Experiment description

To successfully simulate and fit results of some real experiment it is important to have

  • A good guess about the sample structure and the initial values of the sample parameters.
  • Full information about the instrument geometry: size and exact orientation of the detector.
  • A 2D numpy array containing the intensities measured in the detector channels.


As an example we will use our own measurements performed at the laboratory diffractometer GALAXI in Forschungszentrum J├╝lich.

A complete example, containing less explanations but more code, can be found in Real life fit example: experiment at GALAXI.

Our sample represents a 3-layer system (substrate, teflon and air) with Ag nanoparticles sitting on top of the teflon layer. The PILATUS 1M detector was placed at a distance of 1730 mm from the sample.

The results of the measurement are represented by the intensity image taken in certain conditions (beam wavelength, inclination angle, detector position) and stored in a 32-bit tiff file. To be able to fit these data we have to

  • prepare a description of the simulation
  • load the experimental data in BornAgain’s fitting engine

Preparing the simulation description

From the experimental setup we know the following:

  • detector geometry: number of pixels, pixel size
  • detector orientation: perpendicular to the direct beam
  • detector position: distance to the sample, coordinates of direct beam hitting the detector plane

In BornAgain, we will represent this setup using the RectangularDetector object. First, we create a detector corresponding to a PILATUS detector by providing the number of detector bins and the detector’s size in millimeters:

npx, npy = 981, 1043
pixel_size = 0.172  # in mm
width = npx*pixel_size
height = npy*pixel_size

detector = RectangularDetector(npx, width, npy, height)

Then we define the position of the direct beam in local detector coordinates (i.e. millimeters) and set the detector perpendicular to the direct beam at a certain distance:

detector_distance = 1730.0  # in mm

# position of direct beam in pixels, (0,0) corresponds to lower left corner of the image
beam_xpos, beam_ypos = 597.1, 323.4  # in pixels

# position of direct beam in local detector coordinates
u0 = beam_xpos*pixel_size  # in mm
v0 = beam_ypos*pixel_size  # in mm

detector.setPerpendicularToDirectBeam(detector_distance, u0, v0)

See also the Rectangular detector tutorial.

Setting the region of interest

To speed-up the simulation and to avoid an influence from uninteresting areas on the fit flow it is often convenient to define a certain region of interest roi.

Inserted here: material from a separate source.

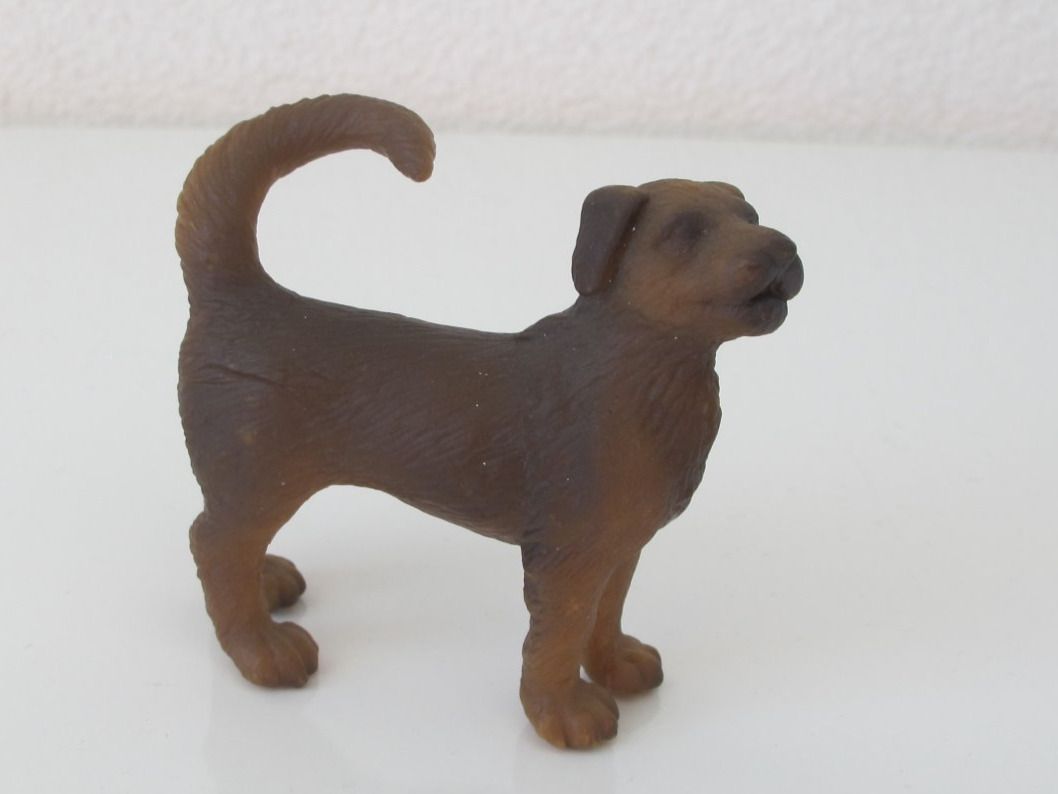 Schleich Statuette: Schleich 13238 Hofhund – Usato da Vilters venduto da hedi00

In our example we set the roi to the rectangle with lower left corner coordinates (85.0, 70.0) and upper right corner coordinates (120.0, 92.0), where coordinates are expressed in native detector units (mm for RectangularDetector)

simulation.setRegionOfInterest(85.0, 70.0, 120.0, 92.)

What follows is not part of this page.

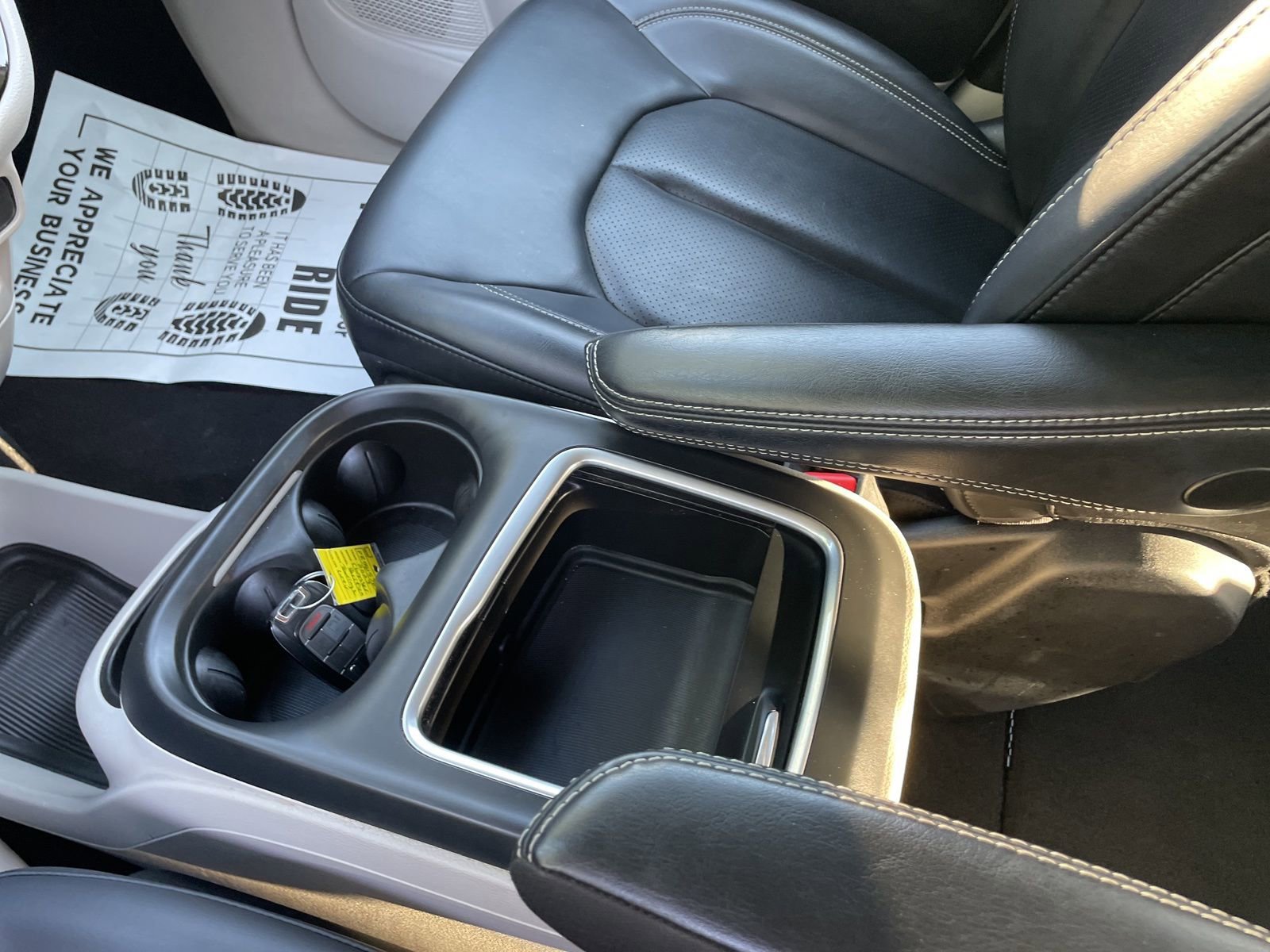 Used 2023 Chrysler Pacifica - photo 16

The final simulation setup looks as follows:

simulation = GISASSimulation()
simulation.setDetector(detector)  # this is our rectangular detector
simulation.setSample(sample)  # sample creation is not covered by this tutorial
simulation.setBeamParameters(1.34*angstrom, 0.463*degree, 0.0)
simulation.setRegionOfInterest(85.0, 70.0, 120.0, 92.)

During the fit, only the part of the detector corresponding to the roi will be simulated and used for $\chi^2$ calculations.

Importing the real data using Fabio library

The Fabio library provides a convenient way to import experimental data in the form of a numpy array.

import fabio

img = fabio.open("galaxi_data.tif.gz")
data = img.data.astype("float64")

The main requirement is that the shape of the numpy array coincides with the number of detector channels (i.e. npx, npy = 981, 1043 for given example).

Running the fit

To run the fit, the user assembles all components - simulation description and experimental data file - using FitObjective.addSimulationAndData. The complete example can be found in Real life fit example: experiment at GALAXI.